A Letter from Nantwich update

Latest: December 2009                                                                                                 

Is this the end?

THINGS look black for potential tourist attraction, the Nantwich Walled Garden. At their meeting on Thursday, March 5, 2009, Crewe and Nantwich Borough Council Development Control Committee voted in favour of an application by the Dowhill Group to build inside the garden walls.

   So, barring any further action by the Nantwich Walled Garden Society (NWGS) - see below - that would appear to be end of the battle to save the garden from development.

   The walls have to be restored by the developers and there are said to be plans to construct flower beds around the inside of the walls recreated the essence of an Elizabethan garden.

   Time will tell if that comes to fruition. But with two apartment blocks, car parking - and, therefore, roads - I can't see much of the available space being allocated for replica flower beds.

   And even if it were, only the residents of the new homes would see them, surely. The last thing anyone spending good money for an apartment would want would be for the general public being allowed access to the site.

   One of the criticisms of the NWGS Garden Plan was "Who will tend the garden?" (See the Garden Plan on the NWGS website for the answer). The same question could be asked of the Dowhill Group. Will there be a garden maintenance charge levied on the residents?       

   Picture: an artist's impression of how the garden could have looked (from the NWGS website). Does anyone really prefer yet more housing to that?  

Society unable to fight the decision

MARCH 2009

AFTER the Development Control Committee's meeting, the Chairman of the Nantwich Walled Garden Society, Mr Peter Harrington, issued a statement, part of which was:

"Following this lamentable decision by the Development Control Committee, the Nantwich Walled Garden Society will be holding an Extraordinary General Meeting on April 6 to consider the next steps in the campaign to enable this part of our heritage to be protected and restored for the benefit of the whole community."    

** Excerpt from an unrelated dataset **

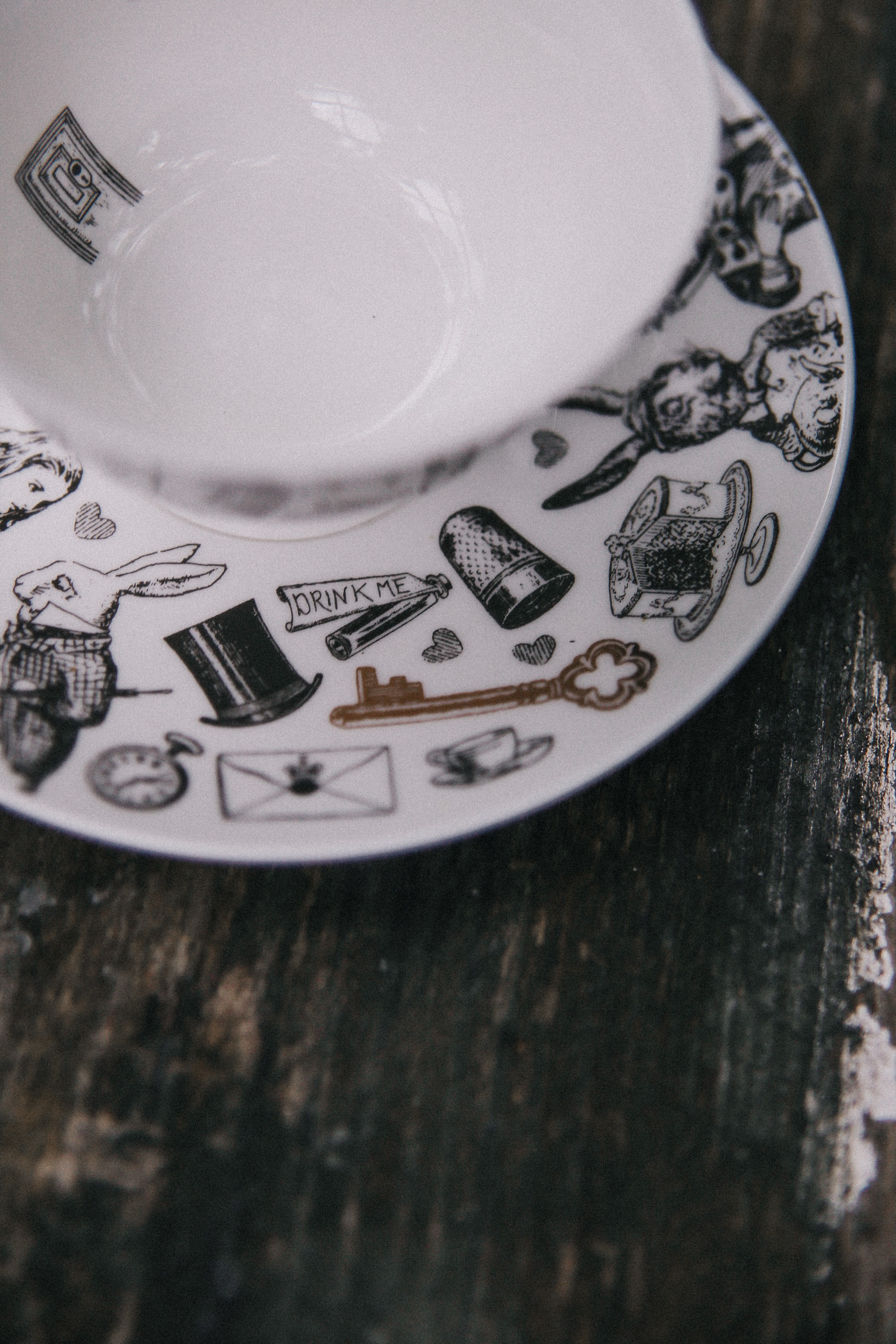 Сад Ракицкого. Фотограф в Серпухове и Тарусе Ксения Царёва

   Legal advice told the society they had a good enough case to issue a legal challenge against the decision. But while members voted to go ahead they were unable to raise the necessary funds to do so.

The fight goes on

DECEMBER 2009

AT its AGM in December, the NWGS voted to go on with the fight to save the garden, rejecting two other ways forward - to dissolve the society and to continue to fight solely for the restoration of the walls.

   Although planning permission has been given for six houses and two flats, work has yet to begin on the site.

  The Society is looking for a new Secretary after the previous one had to stand down due to family commitments. She is, however, staying as a member of the Committee.

   The committee is also depleted and the society is looking for replacements. An insider said the others had "died, resigned or disappeared".

   Sadly, the society lost two founder members during 2009. The Treasurer, Peter Greene, died shortly after the EGM in April, and Pat Fulford, who was a driving force behind the society, and its first secretary, died in November after a long illness.